– Венди Мойра Анджела Дарлинг, – ответила она не без гордости. – А вас?
– Питер Пэн.
Она уже знала, что это Питер, но всё же его имя показалось ей коротким.
– И всё? – спросила она.
– Да! – ответил он резко. Впервые в жизни он почувствовал, что имя у него и вправду коротковато.
– Простите, – сказала Венди Мойра Анджела.
– Чепуха, – отрезал Питер.
Она спросила, где он живёт.
– Второй поворот направо, – сказал Питер, – а потом прямо, до самого утра.
– Какой смешной адрес!
У Питера сжалось сердце. Он подумал, что адрес, пожалуй, и в самом деле смешной.
– Нет, не смешной! – сказал он.
– Я не то хотела сказать, – поправилась Венди, вспомнив, что Питер был её гостем. – Я хотела спросить: на письмах так и пишут?
«Лучше б она не вспоминала про письма», – подумал Питер.
– Не получаю никаких писем! – сказал он презрительно.
– Но ваша мама получает?
– Нет у меня никакой мамы! – ответил он.
У него не только не было мамы, но не было ни малейшего желания её иметь. Он считал, что про матерей вообще зря говорят столько хорошего. Но у Венди сердце сразу заныло от жалости.
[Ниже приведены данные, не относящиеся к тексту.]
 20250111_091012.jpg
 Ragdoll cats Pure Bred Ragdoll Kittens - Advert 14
– Ах, Питер, теперь понятно, почему ты плачешь! – вскричала она, спрыгнула с кровати и подбежала к нему.
– И вовсе я не поэтому плакал, – сказал он с негодованием. – Я плакал потому, что никак не могу прилепить свою тень. А вообще я и не думал плакать!
– Она отлепилась?
– Да.
Тут Венди увидела тень, лежащую на полу; тень была такая мятая, что Венди стало невыносимо жалко Питера.
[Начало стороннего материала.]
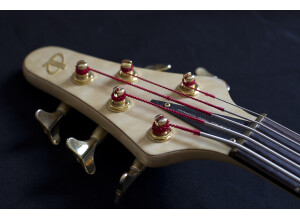 Tune Guitar Technology TWB5QP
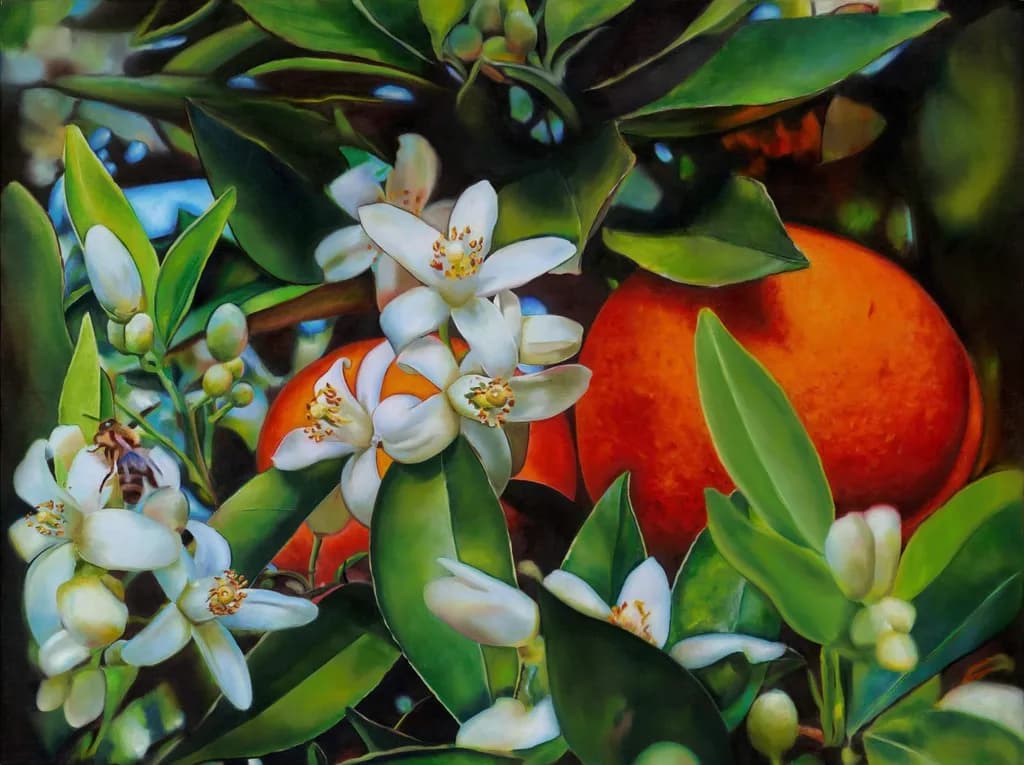 Citrus Bloom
– Какой ужас! – сказала она.
Впрочем, она не могла сдержать улыбку, увидев, что Питер пытался прикрепить её мылом. Уж эти мальчишки!
К счастью, она тут же сообразила, как помочь горю.
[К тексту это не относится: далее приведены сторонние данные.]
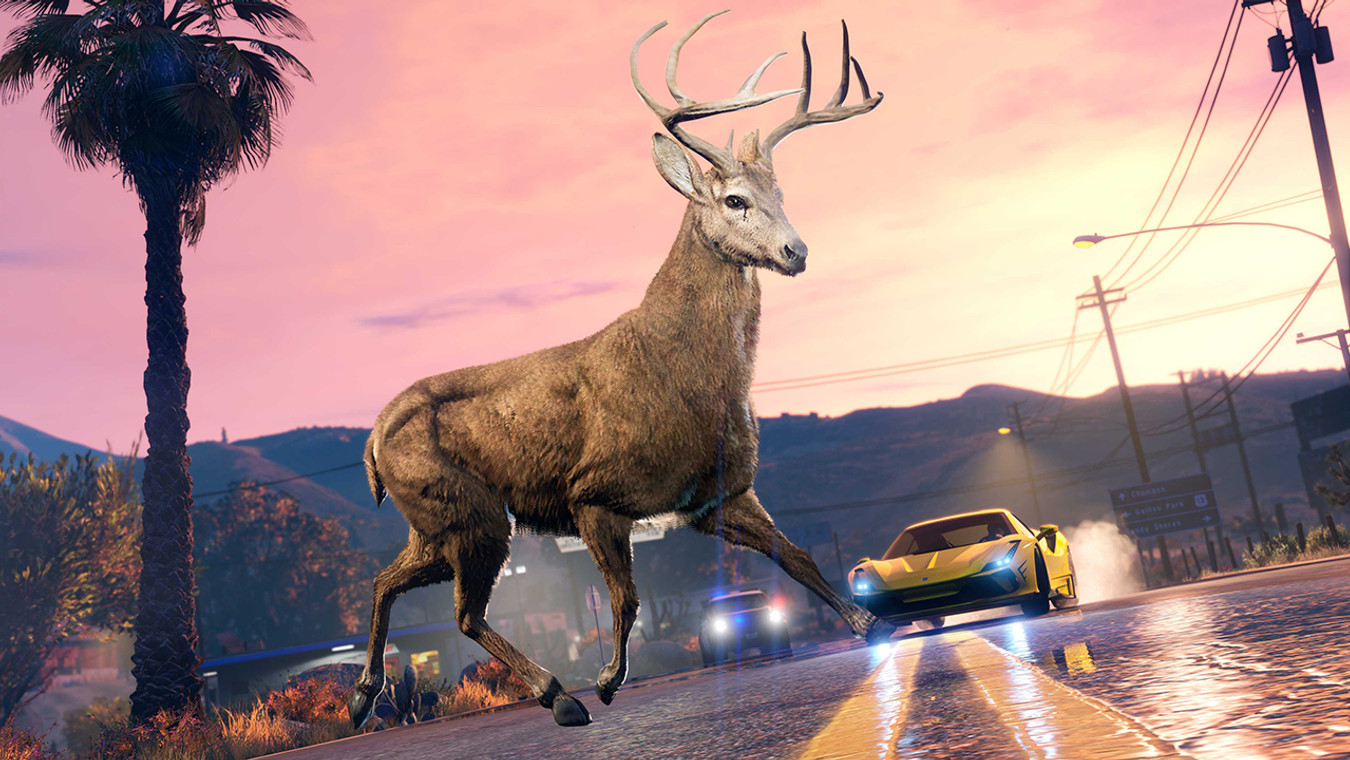 GTA Online Animals: Where Are They And Why Aren't They Showing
– Её надо пришить, – сказала она высокомерно.
– Что такое «пришить»? – спросил он.
– Ой, какой ты невежа!
– Вот и неправда!
Ей было очень приятно, что он не знает таких простых вещей.
– Я тебе её пришью, маленький, – сказала она. Непонятно, почему она его так назвала – ведь он был с неё ростом.
Она достала свою рабочую шкатулку и принялась пришивать тень ему к пяткам.
– Боюсь, что тебе будет немножко больно, – предупредила она.
– О, я не заплачу! – сказал Питер.
Он уже был уверен, что никогда в жизни не плакал. Он сжал зубы и не заплакал, и скоро тень уже вела себя вполне прилично, хоть и выглядела всё же немножко помятой.
– Надо было её прогладить, – сказала Венди задумчиво.
Но Питера, как и всех мальчишек, это ничуть не заботило, и он в восторге запрыгал по комнате. Увы, он уже забыл, что своим счастьем обязан Венди. Он был уверен, что сам пришил себе тень.
– Какой я умный! – кричал он радостно. – Нет, вы только подумайте, какой я умный! – И он закукарекал.
Мне очень грустно в этом признаться, но самодовольство было одной из самых привлекательных черт Питера. По правде говоря, не было на свете большего зазнайки, чем Питер.
Венди возмутилась.
– Ну и самодовольство! – воскликнула она с едкой издёвкой. – А я, по-твоему, тут совсем ни при чём?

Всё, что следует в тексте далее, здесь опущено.